Public deficit starts to widen again
The public deficit remained surprisingly low in 2023 due to improved balance in local governments, underinvestment, lower costs from the energy price cap, and surprisingly high income from dividend, payroll, income, and corporate taxes. These positive effects are not expected to continue in 2024. In addition to higher expenditures to fight poverty, military support for Ukraine should rise as well as costs for the reception of Ukraine refugees. In addition to that, social security expenditure will be higher due to the ageing population and to a slight increase in jobless numbers. On the income side, corporate tax receipts are set to fall owing to the fact that business income lags behind GDP growth and tax receipts reflect the previous year’s activity. Furthermore, one-off items from 2023 will not be repeated. Therefore, public debt will increase again, but will remain comfortably within the targets of the Maastricht criteria.

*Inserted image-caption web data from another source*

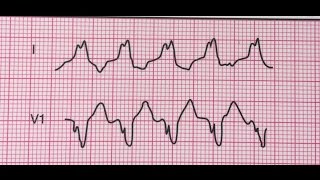 Tachycardie ventriculaireMorphologie du bloc de branche gauche [upl. by Messing943]
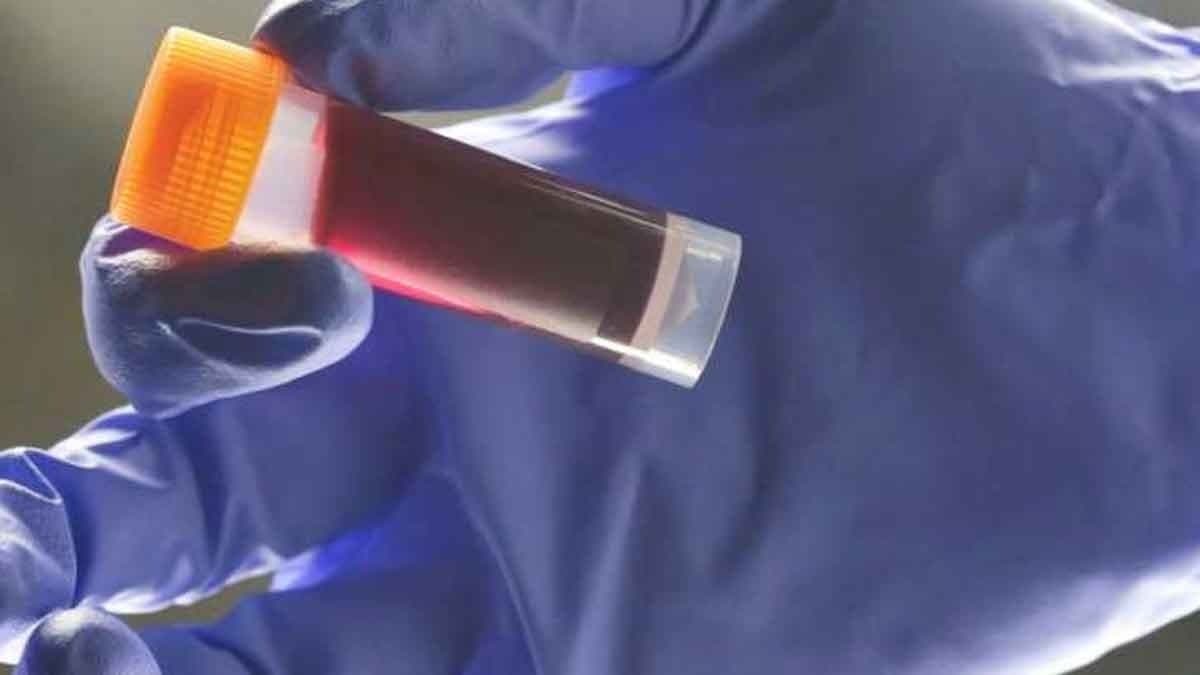 Your Blood Type Affects Your Risk of an Early Stroke gnr 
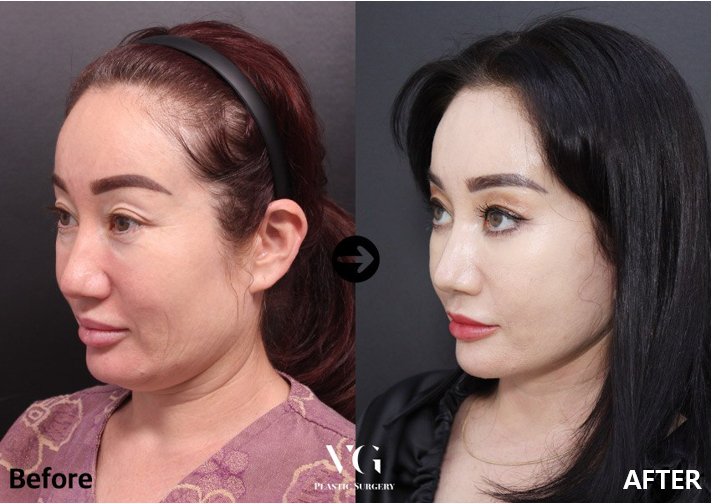Before and after result by Dr. Im Young Min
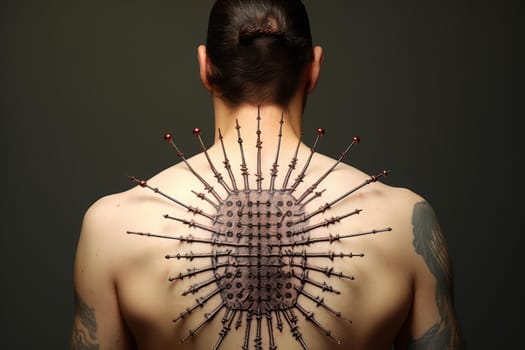 Relieving Acupuncture treatment. Medicine care body. Generate Ai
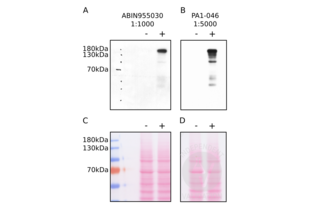 Western Blotting validation image for anti-Synaptic Ras GTPase Activating Protein 1 (SYNGAP1) (AA 1169-1183), (Internal Region) antibody (ABIN955030) (SYNGAP1 Antikörper  (Internal Region))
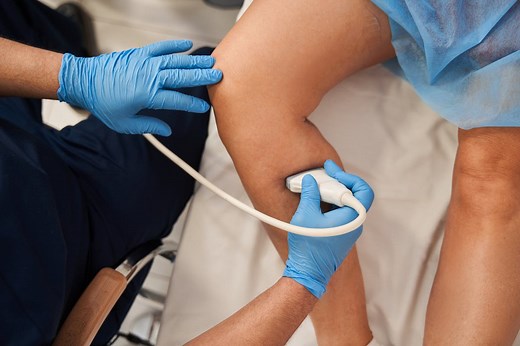 Échographie-doppler (ou échodoppler) : définition, déroulement, prix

The Dutch current account registered a stronger surplus in 2023 thanks to the higher trade in goods surplus that benefited from improved terms of trade. In addition, the primary income deficit (the balance of received minus sent abroad labour and capital income) diminished due to favourable financial market developments abroad. In 2024, a modest improvement in trade should further enhance the current account surplus, while the service trade surplus should remain roughly unchanged. Despite significantly higher prices for package holidays and other travel, the Dutch and foreign visitors' desire to travel in the Netherlands is likely to continue unabated as purchasing power increases.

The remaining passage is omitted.